Restarting a large IBM Storage Scale cluster
A cluster might have to be restarted because of an OS upgrade. On large FPO clusters auto-recovery must be disabled before restarting IBM Storage Scale.
- Ensure that the status of all disks is Ready and the availability is Up by running the mmlsdisk <fs-name> -L command.
- Verify the compatibility of the planned upgrade system kernel and Linux® distro versions with IBM Storage Scale by reviewing the IBM Storage Scale FAQ in IBM® Documentation.
- Disable auto recovery for disk failure.
When IBM Storage Scale stops functioning, some nodes might not shut down. This might bring some disks down from the fast nodes and might trigger auto recovery. To avoid this, temporarily disable auto recovery.
Run the mmchconfig restripeOnDiskFailure=no -i command to disable auto recovery for disk failure. With the -i option, the parameter takes effect immediately and permanently. For example, in small clusters, the node number is less than 30 nodes. Therefore, it takes a shorter time for IBM Storage Scale to synchronize the configuration. For large clusters, the node number is in hundreds. Therefore, the time taken to synchronize the configuration is longer.
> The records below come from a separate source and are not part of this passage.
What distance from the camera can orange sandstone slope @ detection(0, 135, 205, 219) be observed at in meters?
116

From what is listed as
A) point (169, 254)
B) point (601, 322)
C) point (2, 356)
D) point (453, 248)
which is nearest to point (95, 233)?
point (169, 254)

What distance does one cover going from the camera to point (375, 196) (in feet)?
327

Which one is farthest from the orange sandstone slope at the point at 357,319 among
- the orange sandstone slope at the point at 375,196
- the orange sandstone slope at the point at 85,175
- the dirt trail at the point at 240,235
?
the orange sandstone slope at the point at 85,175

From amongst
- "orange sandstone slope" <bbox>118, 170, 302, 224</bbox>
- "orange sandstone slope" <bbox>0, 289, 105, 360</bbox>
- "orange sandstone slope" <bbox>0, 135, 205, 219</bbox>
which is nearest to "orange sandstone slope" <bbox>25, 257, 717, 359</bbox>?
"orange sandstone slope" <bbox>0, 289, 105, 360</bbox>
The restripeOnDiskFailure parameter is a cluster-wide configuration.
After disabling auto recovery, check for auto recovery in the file system manager by running the following commands:
- If there are multiple file systems in the cluster, run mmlsmgr command to check the fs manager of a single file system.
- Log in to the fs manager of the file system and run ps -elf | grep -e tschdisk -e tsrestripefs command. If there are processes running, wait for them to complete.
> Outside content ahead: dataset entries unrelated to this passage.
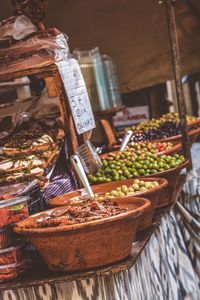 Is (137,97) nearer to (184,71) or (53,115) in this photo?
(184,71)

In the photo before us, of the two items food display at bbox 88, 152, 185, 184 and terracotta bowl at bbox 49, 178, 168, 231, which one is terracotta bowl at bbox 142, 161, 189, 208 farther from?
terracotta bowl at bbox 49, 178, 168, 231

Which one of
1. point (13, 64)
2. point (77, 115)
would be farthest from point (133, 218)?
point (13, 64)

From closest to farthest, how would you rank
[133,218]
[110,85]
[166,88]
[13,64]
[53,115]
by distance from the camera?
[133,218] → [13,64] → [53,115] → [110,85] → [166,88]

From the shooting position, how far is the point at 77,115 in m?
3.43

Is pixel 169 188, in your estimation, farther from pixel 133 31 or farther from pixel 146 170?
pixel 133 31

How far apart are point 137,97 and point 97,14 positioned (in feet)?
5.01

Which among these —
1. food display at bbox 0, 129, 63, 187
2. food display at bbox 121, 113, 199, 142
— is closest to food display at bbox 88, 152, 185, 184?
food display at bbox 0, 129, 63, 187

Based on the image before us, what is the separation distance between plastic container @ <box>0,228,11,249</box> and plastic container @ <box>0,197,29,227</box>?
0.03 metres

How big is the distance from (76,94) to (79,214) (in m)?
1.09

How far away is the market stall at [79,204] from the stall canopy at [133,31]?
2.16 metres

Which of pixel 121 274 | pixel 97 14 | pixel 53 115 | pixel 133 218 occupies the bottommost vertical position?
pixel 121 274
- Stop all applications that are using the IBM
Storage Scale file
system. To check for open files in the file system, run the lsof or
the fuse command.
For example, to check if IBM Storage Scale file system has processes using it run the following commands: lsof +f -- /dev/name_of_SpectrumScale_filesystem or fuser -m /mount_point_of_SpectrumScale_filesystem
- Unmount the IBM
Storage Scale file
system on all nodes for this upgrade cycle by running the following
command: mmumount <fsName> -a
To confirm that the file system has been unmounted on all related nodes, run the following command: mmlsmount <fsName> -L
- To disable the Automatic mount option, run the following
command: mmchfs <fsName> -A no Note: In a large cluster, some nodes might take a while to start. If the -A option is not set to no, unnecessary disk IO might cause some disks from slow nodes to be marked as non functional.
- Shut down IBM
Storage Scale on the
nodes by running the following command:
mmshutdown -N <nodeList>
To confirm IBM Storage Scale has stopped functioning on these nodes, run the following command: mmgetstate -a
- Upgrade IBM Storage Scale or perform the maintenance procedure on the whole cluster.
- Start IBM
Storage Scale cluster.
After everything has been installed and the portability layer has been built, start IBM Storage Scale by running the following command: mmgetstate -a.
To confirm that IBM Storage Scale is active on the upgraded nodes, run the following command: mmgetstate -a.
- When IBM
Storage Scale is active
on all nodes, check the state of all disks by running the following
command: mmlsdisk <fsName> -e. If some disks in the file system do not have the Up availability and the Ready status, run the mmchdisk <fsName> start -a command so that the disks start functioning. Run the mmchdisk <fsName> resume -a command so that the suspended and to-be-emptied disks become available.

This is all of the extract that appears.